Le concept Loisirs & Création, crée en 1995, avec une première boutique ouverte à Lille, est la première chaîne française spécialisée dans l'univers des loisirs créatifs manuels. Son concept est simple : l'ensemble des activités propres à ce domaine est regroupé sur une seule et même surface, les techniques proposées sont faciles et peu onéreuses. 20 000 produits sont référencés, convenant aux débutants comme aux experts, sous forme de kit d'activité (offrant support, outils, couleurs), de kit de perfectionnement, de livre ; proposés en petit conditionnement, faciles à utiliser, structurés par tranches d'âge et offrant donc plusieurs niveaux de difficulté. Différents univers sont représentés tels les Beaux-Arts, les Arts Décoratifs, les activités pour enfants, la carterie, la réalisation de bijoux et les Arts du fil.

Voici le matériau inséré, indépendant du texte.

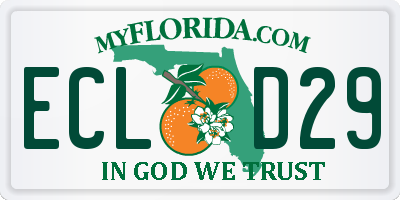 FL license plate ECLD29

Parmi toutes les activités relevant du loisir créatif, la broderie a le vent en poupe. Bien que stagnante depuis deux ans, durant les vingt dernières années, la branche Loisirs Créatifs a doublé son chiffre d'affaires grâce au point de croix ! Considérée “comme la seule activité créative qui permet de faire quelque chose sans avoir besoin d'y penser” (6), broder marie aspect technique (point avant, point arrière, point de tige, point de croix) et défis, plaisir d'un résultat esthétique et détente qui permet de se vider la tête. La mode de la broderie a relancé DMC qui réunit tradition et modernité, remettant en filiation tout un pan classique de la culture féminine et tout à la fois l'ouvre à d'autres modes plus actuelles, notamment celle de self créativité. Ainsi en va-t-il des déclinaisons par des stylistes d'univers artistiques comme la ligne “Optikethnic” permettant de broder étole, écharpe et sac assortis ou encore celle de Yasubo Abé qui propose des tapisseries de fleurs sauvages d'une rare grâce issues des jardins à la japonaise. DMC lance aussi des collections propres par exemple “Linea” (collection printemps-été 2005) déclinée en “Graphic Pop” façon Andy Warhol, “Summer Time” sur fond de bayadère et dont les supports se diversifient (paréo, cabas, trousse de maquillage). La première campagne de publicité lancée en 2000 disait “les plus belles histoires sont celles que l'on brode”, mille ans après la tapisserie de Bayeux, 259 ans après la première pierre posée de la société DMC, les fils sont encore solidement noués et les couleurs ne passent pas.